A new parliamentary motion has urged Ofcom to extend its next generation mobile broadband to cover 98 percent of the country.
The move originates from a motion put forward by Tory MP Rory Stewart during a debate at the House of Commons that went on to receive cross-party support.
In the debate Stewart not only called for coverage to increase to 98 percent of the country, but also for the government to ensure everyone in the UK has at least 2MB/s broadband by the year 2015.
The increase would require a three percent rise on the limit specified in the government's current policy.
As well as the social implications of certain citizens going without the service, Stewart highlighted the growing affect lack of coverage would have on British businesses as another key reason for the reform:
"By 2015 it will not be just data-rich businesses or internet-rich businesses, but the basic small and medium-sized enterprises that will be dependent on these devices to cut their transaction costs, increase their reach to market, drop their advertising costs and so on.

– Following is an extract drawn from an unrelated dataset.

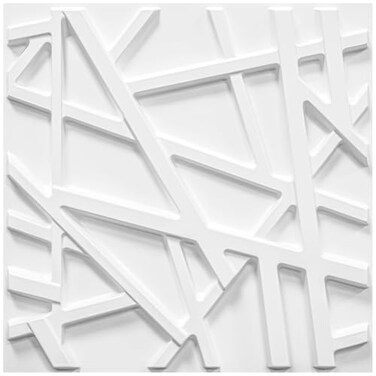 LEVOWAY 33 Pack 3D Wall Panels for Interior Wall Decor 12x12 White Accent Textured Wall Panels Wall Covering Panles for Living Room Gaming Room TV Background Cover 32 SqFt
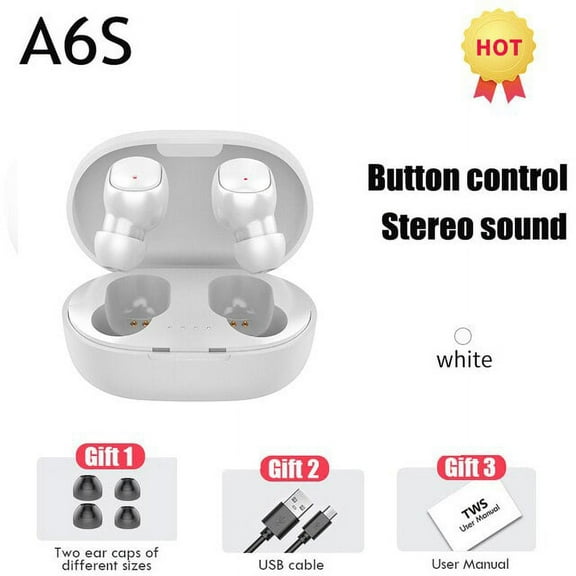A6S Bluetooth Earphones E6S Fone Bluetooth Wireless Earbuds with Microphone Sports Wireless Stereo Headsets 350mAh Charging Box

"Are we prepared to turn round to every one of those businesses and say, 'Of course it is extremely beneficial for a business to have these services - in fact, it is the only way a business can compete and survive - but because you don't happen to be located in the very centre of London, you are not going to be able to work in that way?'"

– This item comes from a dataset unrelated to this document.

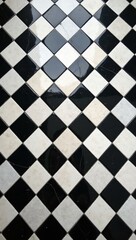 Modern black and white checkered tile floor with glossy finish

How the auctioning off of the undeveloped coverage areas will be done is not yet finalised, though Stewart did indicate his desire that it be done sooner rather than later:
"Let us not allow the clever arguments of narrow economists who are blind to technology and obsessed with making their auction feature in a particular fashion allow Britain to miss the chance to get what it needs for its economy, for its society, for its health, for its education and for its communities by signing up to the best superfast mobile and broadband coverage in Europe."